I called my mom every day this week.
And every day last week.
And the week before that, there were some days when I called her every hour.
I called her, because Mark was discussing a new job, and then interviewing for a new job, and then accepting a new job.
I called her, because I found a house online that I loved.
And chairs to go in that house.
And then I made an appointment to see the house.
And then I saw the house and liked it, but wasn't sure.
And just how important does she think a big ole' yard is?
And is it reasonable to recarpet an entire upstairs?
And any idea the price of cutting a window into the side of a house?
And man, how stressful to consider buying a house.
Oh, and guess what? We bought the chairs, but not the house.
It's ok, I found a bunch of new listings.
And we're going to see them tomorrow.
And what do you think of this other set of chairs? How much to reupholster them?
No, no a new set.
You get the picture?!?!?
The best thing about my mom these days ...
She does not screen my calls!
(I'm not sure moms are allowed to screen calls.)

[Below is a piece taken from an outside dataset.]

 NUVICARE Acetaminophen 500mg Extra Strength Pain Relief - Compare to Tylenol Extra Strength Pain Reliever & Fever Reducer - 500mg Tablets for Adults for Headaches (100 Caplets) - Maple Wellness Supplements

If she can answer, she answers, and she listens, and she asks typically insightful (and only occasionally annoying) questions, and she gets excited when new opportunities arise and sad when something falls through ...
and she prays about the whole situation after we hang up.
My own littles, including the one growing inside me, take a lot out of me physically these days. It can't be helped, it's the nature of the stage. Throw in the possibility and then acceptance of a new job, the pending prospect of a new town and church, a first-time home buying experience, and a chicken catastrophe, and you have the ingredients for becoming the kind of friend everyone tires of hearing from!
It's at times like this when a girl needs her mom.
Times when the give and take in the relationship is slightly reminiscent of the toddler years. I need your attention now, Mom, for this most pressing matter, about me! And my life. And my future. And my concerns.
I'm not saying it's right, but I'm not sure it can be helped. It's the nature of the stage.
This time I understand what it's like to be on the giving side of things. I'm beginning to know what it takes to be a mom.
And all I can say is, wow. I am the most grateful for mine.
Lesson Learned: Happy Mother's Day! Love you, Mom!